Brief descriptive captions
○ ○ ○ ○ ○ ○ ○

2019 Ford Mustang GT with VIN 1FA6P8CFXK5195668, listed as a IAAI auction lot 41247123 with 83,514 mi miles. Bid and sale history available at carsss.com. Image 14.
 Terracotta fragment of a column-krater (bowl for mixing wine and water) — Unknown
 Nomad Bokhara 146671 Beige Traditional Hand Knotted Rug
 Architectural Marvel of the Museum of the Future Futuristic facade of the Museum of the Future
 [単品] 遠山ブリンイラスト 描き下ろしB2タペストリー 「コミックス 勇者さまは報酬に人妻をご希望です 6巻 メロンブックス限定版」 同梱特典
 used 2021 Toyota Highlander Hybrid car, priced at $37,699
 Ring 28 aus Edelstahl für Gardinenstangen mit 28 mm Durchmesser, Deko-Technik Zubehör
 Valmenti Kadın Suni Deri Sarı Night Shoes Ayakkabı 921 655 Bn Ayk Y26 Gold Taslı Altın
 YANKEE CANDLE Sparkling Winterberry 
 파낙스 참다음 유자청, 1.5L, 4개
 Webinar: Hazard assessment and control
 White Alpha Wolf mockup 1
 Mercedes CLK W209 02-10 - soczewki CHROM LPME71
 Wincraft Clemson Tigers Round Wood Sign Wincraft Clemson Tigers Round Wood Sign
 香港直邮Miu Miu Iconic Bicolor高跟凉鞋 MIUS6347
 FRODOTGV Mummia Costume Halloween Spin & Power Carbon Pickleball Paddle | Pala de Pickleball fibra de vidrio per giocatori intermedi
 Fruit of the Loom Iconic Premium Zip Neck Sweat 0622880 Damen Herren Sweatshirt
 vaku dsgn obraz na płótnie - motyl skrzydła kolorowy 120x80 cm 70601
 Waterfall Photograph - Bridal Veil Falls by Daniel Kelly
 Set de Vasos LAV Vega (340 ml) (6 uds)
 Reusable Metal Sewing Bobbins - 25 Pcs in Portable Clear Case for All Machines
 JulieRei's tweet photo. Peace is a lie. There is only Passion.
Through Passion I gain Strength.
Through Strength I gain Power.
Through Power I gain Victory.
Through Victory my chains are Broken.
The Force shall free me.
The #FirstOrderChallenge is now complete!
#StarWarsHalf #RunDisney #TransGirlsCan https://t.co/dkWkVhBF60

○ ○ ○ ○ ○ ○ ○

WHAT TO DO: Pull each line containing the word "Iconic" out of the data above.

ANSWER BOX:
 香港直邮Miu Miu Iconic Bicolor高跟凉鞋 MIUS6347
 Fruit of the Loom Iconic Premium Zip Neck Sweat 0622880 Damen Herren Sweatshirt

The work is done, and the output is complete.